Konerman Monica A, Zhang Yiwei, Zhu Ji, Higgins Peter D R, Lok Anna S F, Waljee Akbar K
Division of Gastroenterology, Department of Internal Medicine, University of Michigan Health System, Ann Arbor, MI.
VA Ann Arbor Health Services Research and Development Center of Clinical Management Research, Ann Arbor, MI.
Hepatology. 2015 Jun;61(6):1832-41. doi: 10.1002/hep.27750. Epub 2015 Mar 20.

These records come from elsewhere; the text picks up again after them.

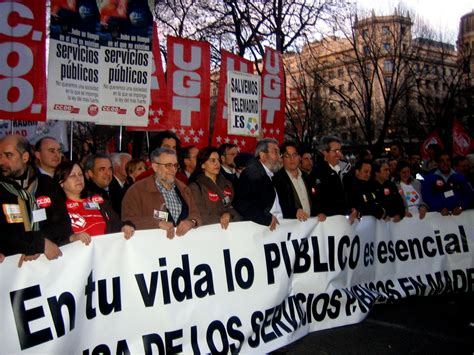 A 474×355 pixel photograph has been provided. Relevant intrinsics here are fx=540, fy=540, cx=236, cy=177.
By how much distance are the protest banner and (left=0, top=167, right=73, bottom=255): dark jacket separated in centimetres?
480

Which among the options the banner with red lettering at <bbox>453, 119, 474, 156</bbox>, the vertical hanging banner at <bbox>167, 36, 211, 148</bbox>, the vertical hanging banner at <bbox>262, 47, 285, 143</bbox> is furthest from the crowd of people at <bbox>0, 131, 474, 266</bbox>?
the banner with red lettering at <bbox>453, 119, 474, 156</bbox>

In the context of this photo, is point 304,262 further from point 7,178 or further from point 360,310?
point 7,178

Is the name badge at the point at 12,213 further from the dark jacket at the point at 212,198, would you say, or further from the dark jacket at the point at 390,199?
the dark jacket at the point at 390,199

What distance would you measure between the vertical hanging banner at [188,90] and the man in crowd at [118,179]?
5.89 feet

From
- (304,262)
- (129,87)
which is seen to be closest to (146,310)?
(304,262)

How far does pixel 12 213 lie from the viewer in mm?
3588

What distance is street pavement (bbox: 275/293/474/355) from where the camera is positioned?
16.1 ft

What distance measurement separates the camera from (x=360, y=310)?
5.78 meters

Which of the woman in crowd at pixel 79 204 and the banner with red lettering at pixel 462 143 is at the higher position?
the banner with red lettering at pixel 462 143

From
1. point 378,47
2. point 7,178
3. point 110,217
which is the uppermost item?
point 378,47

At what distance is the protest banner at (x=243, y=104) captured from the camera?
28.4 ft

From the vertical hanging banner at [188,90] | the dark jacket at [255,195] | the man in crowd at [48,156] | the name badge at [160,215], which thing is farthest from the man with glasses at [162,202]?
the vertical hanging banner at [188,90]

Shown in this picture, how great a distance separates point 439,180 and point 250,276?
3772 mm

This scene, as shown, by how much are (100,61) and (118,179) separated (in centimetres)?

Existing predictive models of risk of disease progression in chronic hepatitis C have limited accuracy. The aim of this study was to improve upon existing models by applying novel statistical methods that incorporate longitudinal data. Patients in the Hepatitis C Antiviral Long-term Treatment Against Cirrhosis trial were analyzed. Outcomes of interest were (1) fibrosis progression (increase of two or more Ishak stages) and (2) liver-related clinical outcomes (liver-related death, hepatic decompensation, hepatocellular carcinoma, liver transplant, or increase in Child-Turcotte-Pugh score to ≥7). Predictors included longitudinal clinical, laboratory, and histologic data. Models were constructed using logistic regression and two machine learning methods (random forest and boosting) to predict an outcome in the next 12 months. The control arm was used as the training data set (n = 349 clinical, n = 184 fibrosis) and the interferon arm, for internal validation. The area under the receiver operating characteristic curve for longitudinal models of fibrosis progression was 0.78 (95% confidence interval [CI] 0.74-0.83) using logistic regression, 0.79 (95% CI 0.77-0.81) using random forest, and 0.79 (95% CI 0.77-0.82) using boosting. The area under the receiver operating characteristic curve for longitudinal models of clinical progression was 0.79 (95% CI 0.77-0.82) using logistic regression, 0.86 (95% CI 0.85-0.87) using random forest, and 0.84 (95% CI 0.82-0.86) using boosting. Longitudinal models outperformed baseline models for both outcomes (P < 0.0001). Longitudinal machine learning models had negative predictive values of 94% for both outcomes.
Prediction models that incorporate longitudinal data can capture nonlinear disease progression in chronic hepatitis C and thus outperform baseline models. Machine learning methods can capture complex relationships between predictors and outcomes, yielding more accurate predictions; our models can help target costly therapies to patients with the most urgent need, guide the intensity of clinical monitoring required, and provide prognostic information to patients.
现有的慢性丙型肝炎疾病进展风险预测模型准确性有限。本研究的目的是通过应用纳入纵向数据的新型统计方法来改进现有模型。对丙型肝炎抗病毒长期治疗对抗肝硬化试验中的患者进行了分析。感兴趣的结局包括:(1)纤维化进展(伊沙克分期增加两个或更多)和(2)肝脏相关临床结局(肝脏相关死亡、肝失代偿、肝细胞癌、肝移植或Child-Turcotte-Pugh评分增加至≥7)。预测因素包括纵向临床、实验室和组织学数据。使用逻辑回归和两种机器学习方法(随机森林和提升法)构建模型,以预测未来12个月的结局。将对照组用作训练数据集(n = 349例临床数据,n = 184例纤维化数据),将干扰素组用于内部验证。使用逻辑回归时,纤维化进展纵向模型的受试者工作特征曲线下面积为0.78(95%置信区间[CI] 0.74 - 0.83),使用随机森林时为0.79(95% CI 0.77 - 0.81),使用提升法时为0.79(95% CI 0.77 - 0.82)。使用逻辑回归时,临床进展纵向模型的受试者工作特征曲线下面积为0.79(95% CI 0.77 - 0.82),使用随机森林时为0.86(95% CI 0.85 - 0.87),使用提升法时为0.84(95% CI 0.82 - 0.86)。纵向模型在两个结局方面均优于基线模型(P < 0.0001)。纵向机器学习模型在两个结局方面的阴性预测值均为94%。
纳入纵向数据的预测模型能够捕捉慢性丙型肝炎的非线性疾病进展,因此优于基线模型。机器学习方法能够捕捉预测因素与结局之间的复杂关系,产生更准确的预测;我们的模型有助于将昂贵的治疗靶向最急需的患者,指导所需临床监测的强度,并为患者提供预后信息。